Grief filled her eyes when she uncovered the baby. Its tiny head was damp with blood-flecked slime, and fluid dribbled from its nose and mouth. The eyes were closed tight against the harsh
surroundings as though not wanting to see the basement cell in which it had been abandoned. The baby was no more than a few hours old and already its skin was turning deathly blue.
It tried weakly to push away the rags that smothered its frail body. And the thing that lay next to it.
Kelso’s eyes narrowed as he peered through the windscreen. He made a conscious effort to contain the anxiety he felt well beneath his belt-line but, as always, the leaden
weight rose steadily and began pushing against his chest. He swallowed and tried to keep the movement as silent as possible.
‘Relax,’ a voice said from the back seat of the Granada. ‘Dave won’t lose it.’
Kelso turned his head to look at the detective inspector. If anything, Cook looked depressed.
‘There’s so much traffic,’ Kelso said pointlessly.
‘Always is, this time of morning.’ Cook looked through the rain-spattered side window. ‘Used to be my beat, this,’ he remarked, nodding towards the damp pavements as
though remembering them specifically. ‘Great training ground for a raw copper.’
‘Up ahead, guv. At the lights,’ the driver said, gently easing his foot down on the brake pedal.
Kelso swung round and spotted the dark blue van. ‘You think they’ve picked it up yet?’
Cook shrugged. ‘They’ve got plenty of time before it gets to Woolwich. Anyway, I thought your info was that they’d be waiting on the other side of the river.’
‘That’s what I was told. It doesn’t feel right, though.’
DC Dave Riley glanced at Kelso. ‘It makes sense for them to pull it on the other side. It’s a bit quieter there. I don’t think they’d like getting stuck in a traffic
jam.’ He released the handbrake as the lights ahead turned to green.

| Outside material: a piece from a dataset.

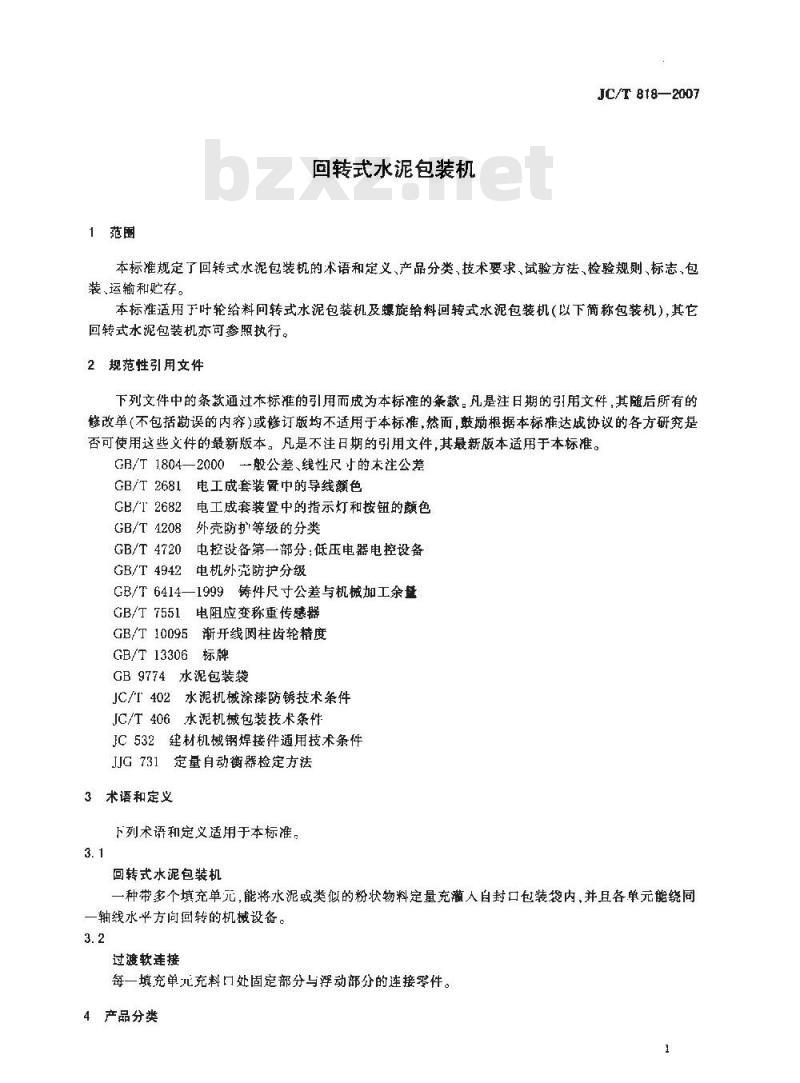 JC/T 818-2007 回转式水泥包装机 JC/T 818-2007 回转式水泥包装机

Cook leaned forward and rested an arm on the back of the passenger seat. ‘It doesn’t really matter where they try it. We’ve got cars all along the route. Give the other units a
call, tell them our position.’
Kelso reached for the car radio, then scanned the road on either side.
‘Just going into East India Dock Road from Commercial Road,’ Cook told him. ‘Heading for the Tunnel.’